Mortgage Mix: Affordability Improves as Mortgage Rates Level Off

Editor’s Note: The Mortgage Mix is RISMedia’s weekly highlight reel of need-to-know mortgage-industry happenings. Watch for it each Friday afternoon.

  • Mortgage rates saw very little movement this week, according to the latest Primary Mortgage Market Survey from Freddie Mac. The 30-year fixed-rate mortgage went from 6.63% last week to 6.64% this week, and the 15-year fixed-rate mortgage moved from 5.9% last week to 5.94% this week.
  • “The economy and labor market remain strong with wage growth outpacing inflation, which is keeping consumer spending robust,” commented Freddie Mac Chief Economist Sam Khater. “Meanwhile, affordability in the housing market is an ongoing issue due to continued high home prices, elevated mortgage rates and low supply of homes on the market, particularly for first-time and low-income homebuyers.”
  • Affordability pressures in the housing market are easing with the lowering of mortgage rates, according to ICE’s February 2024 Mortgage Monitor Report. The report found that the share of income needed to buy a median home in the U.S. decreased by nearly 5 percentage points in December from the 28-year high recorded in October.
  • Andy Walden, ICE’s vice president of enterprise research strategy, commented that, “In recent months, we’ve seen improvement in rates, affordability and for sale inventory, with monthly home price growth moderating on a seasonally adjusted basis. While we are still out of sync with historical norms on multiple fronts, each of those metrics have at least been moving in the right direction.”
  • With mortgage rates leveling off, homebuyers are taking advantage.
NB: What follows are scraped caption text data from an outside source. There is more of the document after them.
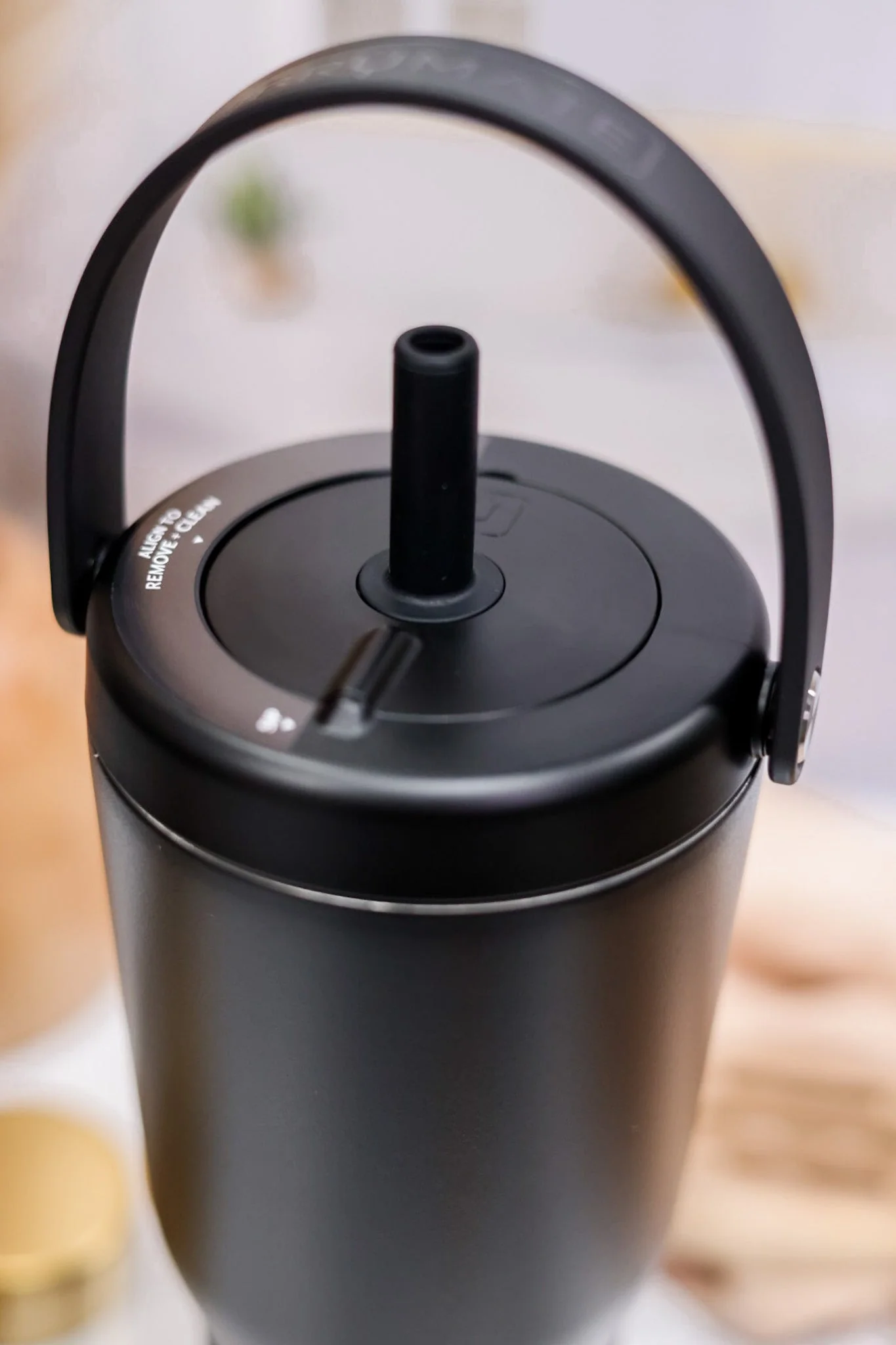 Matte Black 35oz Resa Tumbler - Image 3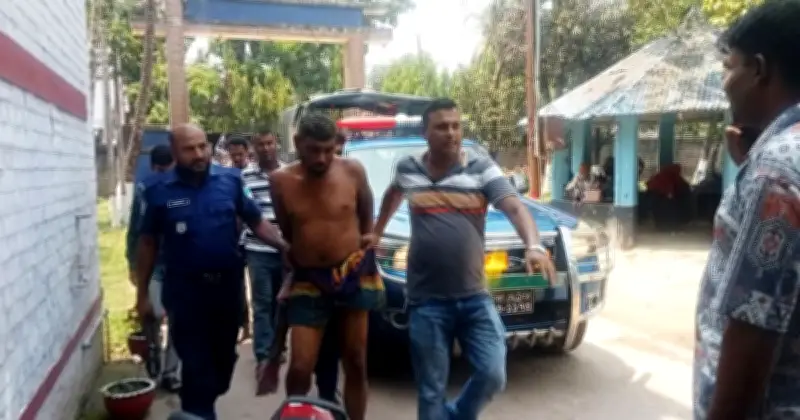 জেসসোরে গ্রামবাসীর হাতে পুলিশের হাত থেকে আসামি ছিনতাই, তিন পুলিশ আহত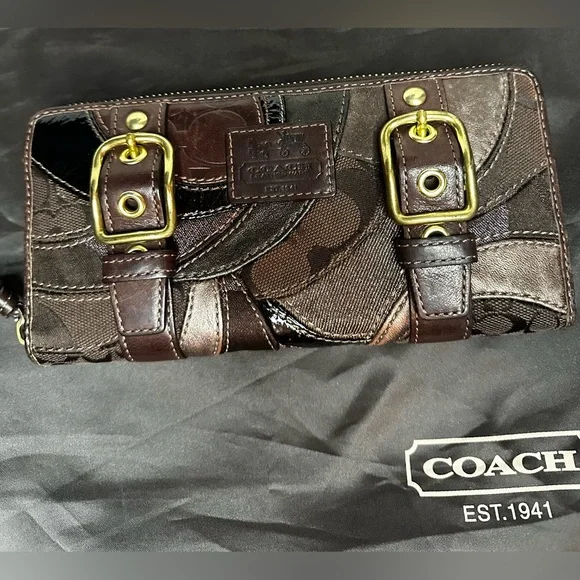 Coach Est. 1941 Rare Zoe Double Buckle Patchwork Leather Long Wallet EUC - Picture 4 of 16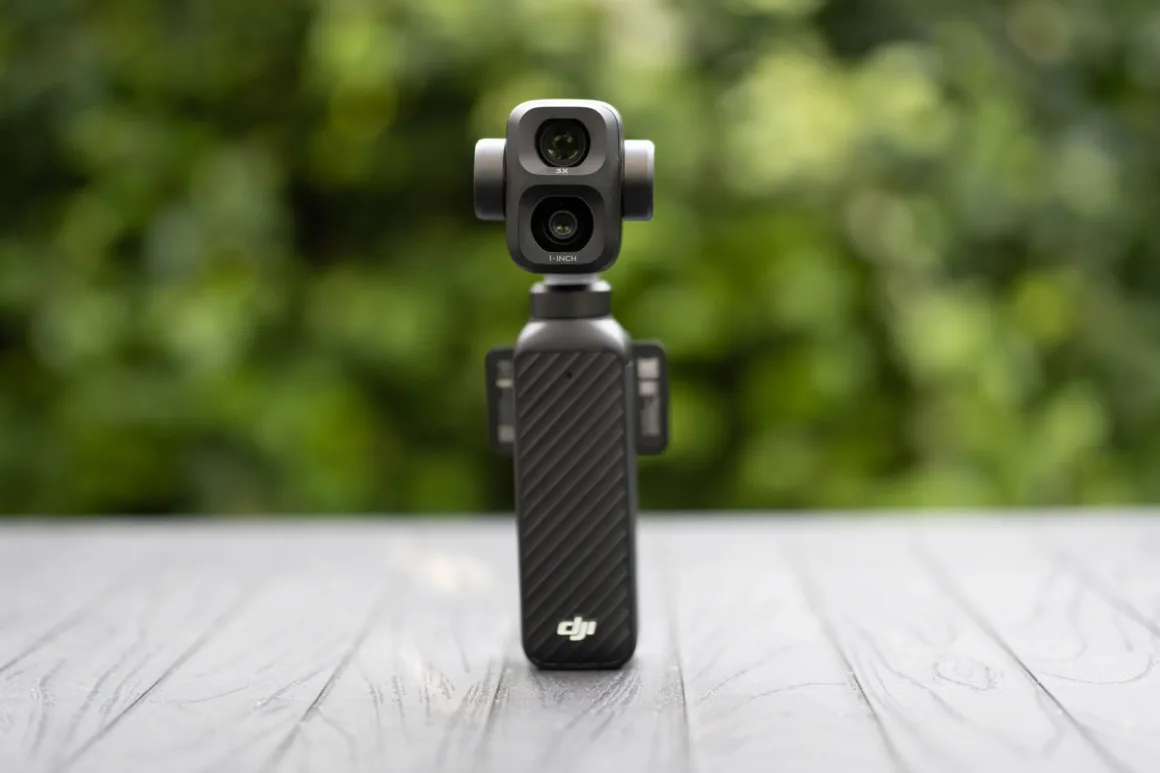 DJI Osmo Pocket 4P İncelemesi: En İyi Vlog Kamerası Artık Çok Daha Güçlü 2 DJI Osmo Pocket 4P'nin dik konumda görülen çift kameralı gimbal tasarımı
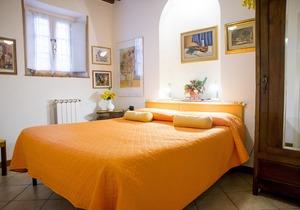 Old stone farmhouse near Lucca, Tuscany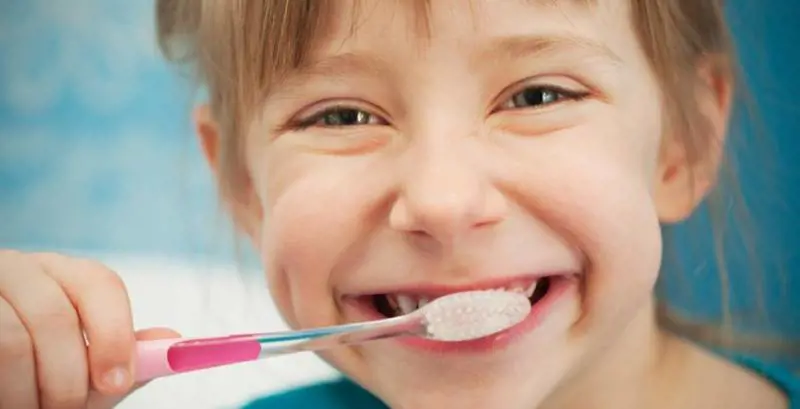 Visite gratuite dal dentista per tutto il mese d'ottobre LA CARIE Ancora oggi interessa il 21 per cento degli  italiani fino 4 anni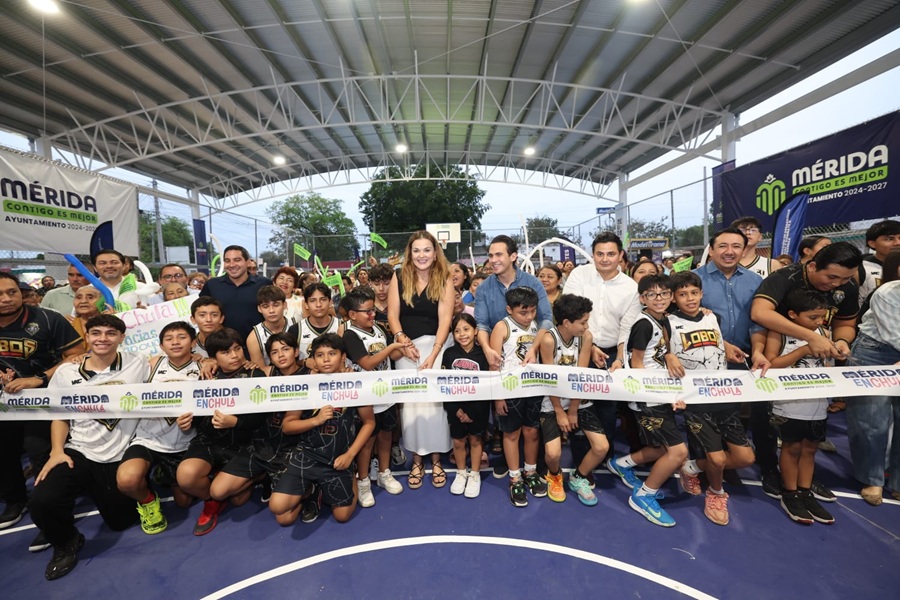 Cecilia Patrón continúa la entrega de domos para canchas deportivas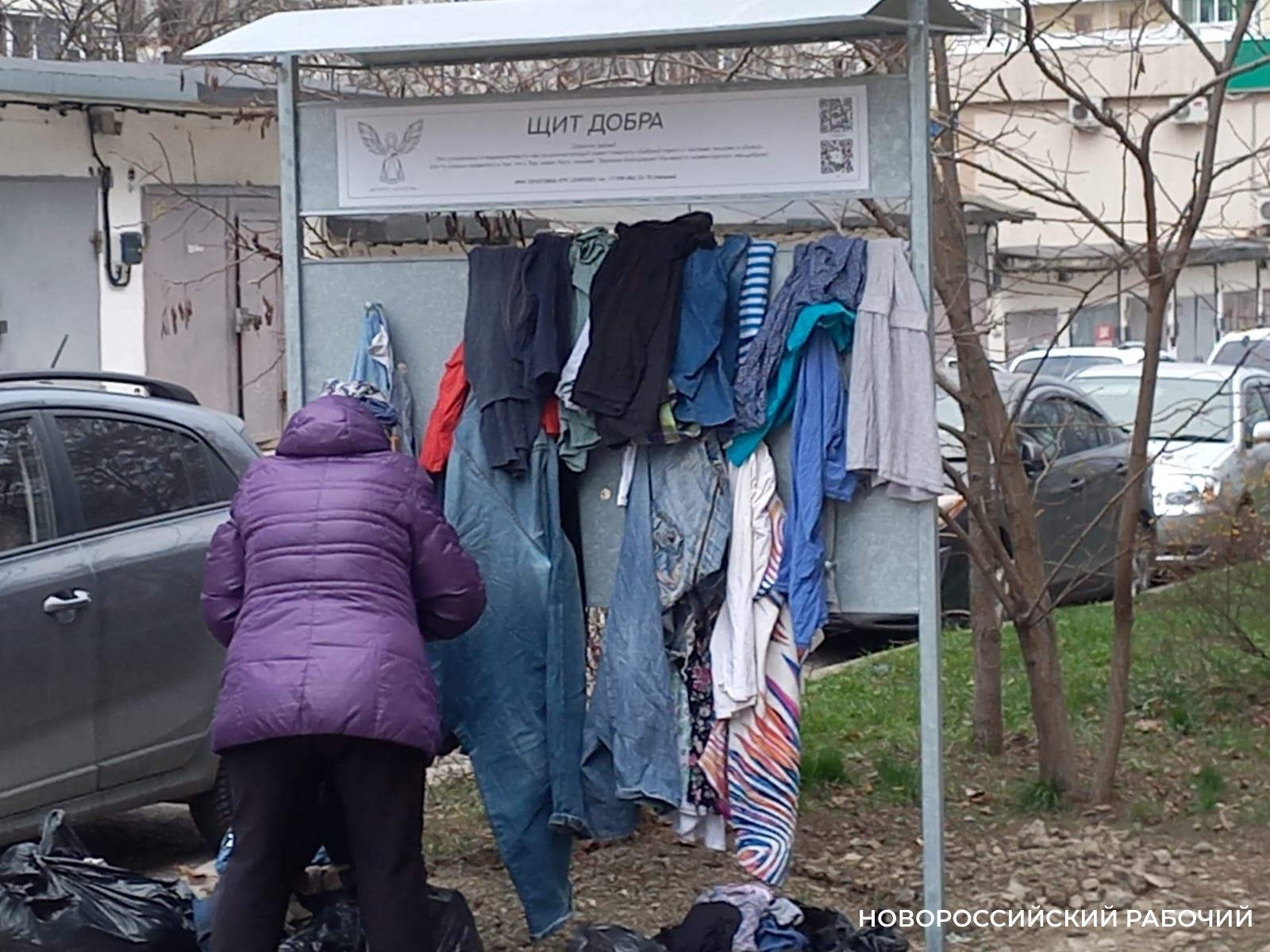 Новороссийцы просят вернуть «Щит добра», который кто-то превратил в мусорку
According to the latest Weekly Mortgage Applications Survey from the Mortgage Bankers Association (MBA), mortgage applications grew 3.7% this week. 
  • “Rates at these levels have not prompted much of a reaction in the refinance market, as most homeowners have mortgages with much lower rates,” commented MBA Vice President and Deputy Chief Economist Joel Kan. “However, purchase activity has been strong to start 2024 compared to the final quarter of 2023.”